(MATERIAL FOR THE TASK):
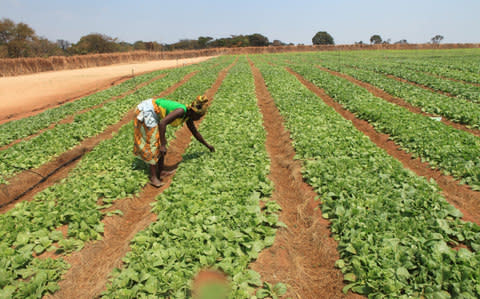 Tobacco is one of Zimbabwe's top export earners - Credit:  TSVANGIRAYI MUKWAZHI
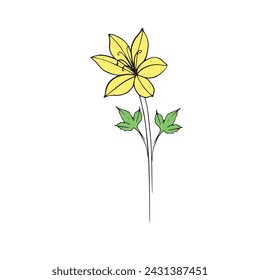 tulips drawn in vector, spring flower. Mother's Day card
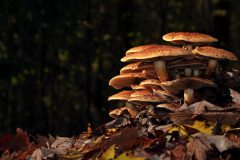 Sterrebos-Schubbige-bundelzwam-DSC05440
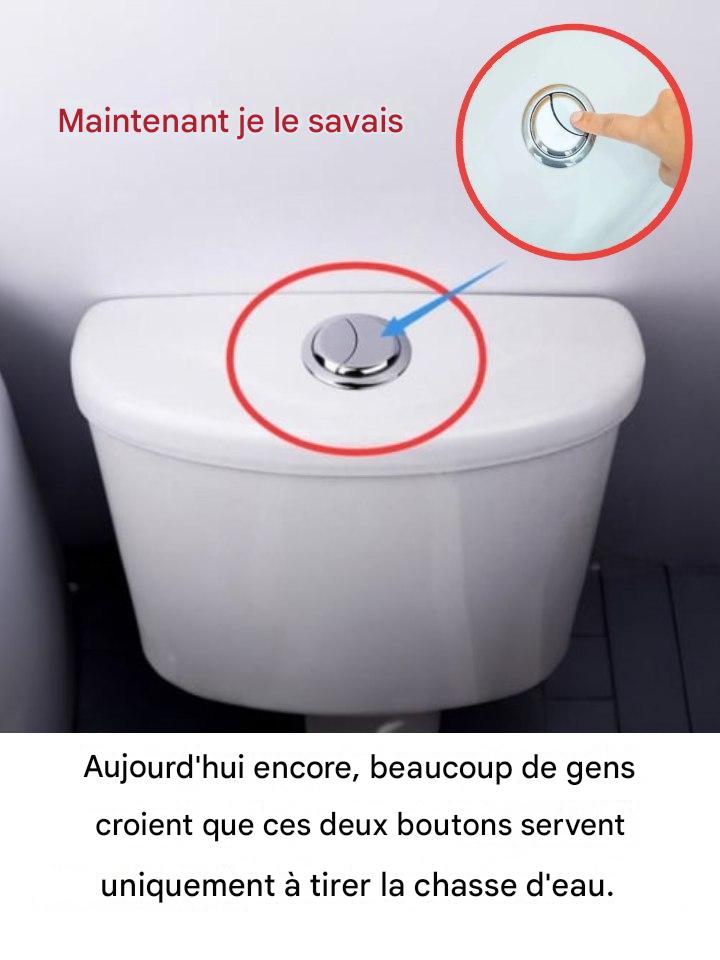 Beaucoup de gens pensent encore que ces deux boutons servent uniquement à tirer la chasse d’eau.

==

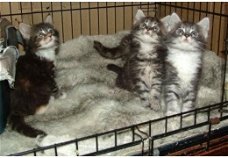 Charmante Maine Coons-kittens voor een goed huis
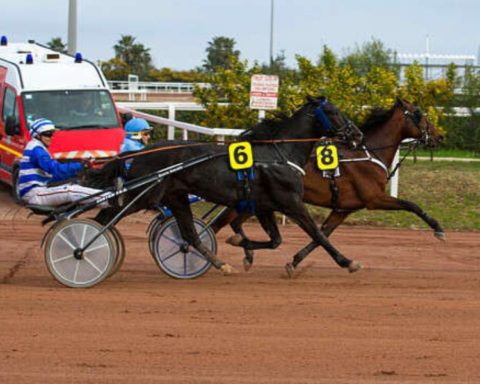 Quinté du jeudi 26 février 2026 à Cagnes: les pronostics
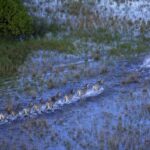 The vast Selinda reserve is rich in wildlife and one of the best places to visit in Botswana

(INSTRUCTIONS FOR THE TASK): Take the material above from the line containing "Tobacco is one" up to and including the line containing "Beaucoup de gens" and retype it exactly, without any pictures.

(TASK ANSWER):
 Tobacco is one of Zimbabwe's top export earners - Credit:  TSVANGIRAYI MUKWAZHI
 tulips drawn in vector, spring flower. Mother's Day card
 Sterrebos-Schubbige-bundelzwam-DSC05440
 Beaucoup de gens pensent encore que ces deux boutons servent uniquement à tirer la chasse d’eau.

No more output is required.